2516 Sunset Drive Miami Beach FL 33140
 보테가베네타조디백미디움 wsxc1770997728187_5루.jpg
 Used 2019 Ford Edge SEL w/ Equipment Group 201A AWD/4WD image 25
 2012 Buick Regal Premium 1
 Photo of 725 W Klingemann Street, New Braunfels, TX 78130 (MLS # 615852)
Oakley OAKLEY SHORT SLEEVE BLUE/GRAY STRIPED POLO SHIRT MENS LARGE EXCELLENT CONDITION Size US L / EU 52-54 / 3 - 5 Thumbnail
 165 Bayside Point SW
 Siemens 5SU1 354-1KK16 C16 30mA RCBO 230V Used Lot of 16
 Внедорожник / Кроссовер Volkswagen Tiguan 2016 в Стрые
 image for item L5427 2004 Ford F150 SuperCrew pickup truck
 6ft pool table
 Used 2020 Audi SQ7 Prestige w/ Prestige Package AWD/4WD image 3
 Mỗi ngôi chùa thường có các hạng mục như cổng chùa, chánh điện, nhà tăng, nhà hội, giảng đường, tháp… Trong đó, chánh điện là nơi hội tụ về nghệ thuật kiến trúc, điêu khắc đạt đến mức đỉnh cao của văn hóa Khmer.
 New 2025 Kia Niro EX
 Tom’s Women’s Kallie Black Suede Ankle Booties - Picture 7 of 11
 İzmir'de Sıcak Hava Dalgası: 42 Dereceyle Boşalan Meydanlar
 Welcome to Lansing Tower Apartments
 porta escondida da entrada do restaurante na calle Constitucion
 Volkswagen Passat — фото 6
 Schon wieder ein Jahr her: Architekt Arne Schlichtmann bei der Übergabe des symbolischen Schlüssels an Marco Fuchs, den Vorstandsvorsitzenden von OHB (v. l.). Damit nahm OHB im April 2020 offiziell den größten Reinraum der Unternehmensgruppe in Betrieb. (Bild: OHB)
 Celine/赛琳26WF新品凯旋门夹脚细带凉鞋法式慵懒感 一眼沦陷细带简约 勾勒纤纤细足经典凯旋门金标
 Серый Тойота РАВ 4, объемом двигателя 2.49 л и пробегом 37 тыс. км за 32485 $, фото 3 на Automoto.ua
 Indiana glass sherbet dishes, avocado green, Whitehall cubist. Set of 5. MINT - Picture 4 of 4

──────────────────────────────

◆ Task goal ◆
Taking the entries above, print exactly the lines starting at the line with "Siemens 5SU1 354-1KK16" and ending at the line with "Welcome to Lansing Tower Apartments", both included.

◆ Solution for this exercise ◆
 Siemens 5SU1 354-1KK16 C16 30mA RCBO 230V Used Lot of 16
 Внедорожник / Кроссовер Volkswagen Tiguan 2016 в Стрые
 image for item L5427 2004 Ford F150 SuperCrew pickup truck
 6ft pool table
 Used 2020 Audi SQ7 Prestige w/ Prestige Package AWD/4WD image 3
 Mỗi ngôi chùa thường có các hạng mục như cổng chùa, chánh điện, nhà tăng, nhà hội, giảng đường, tháp… Trong đó, chánh điện là nơi hội tụ về nghệ thuật kiến trúc, điêu khắc đạt đến mức đỉnh cao của văn hóa Khmer.
 New 2025 Kia Niro EX
 Tom’s Women’s Kallie Black Suede Ankle Booties - Picture 7 of 11
 İzmir'de Sıcak Hava Dalgası: 42 Dereceyle Boşalan Meydanlar
 Welcome to Lansing Tower Apartments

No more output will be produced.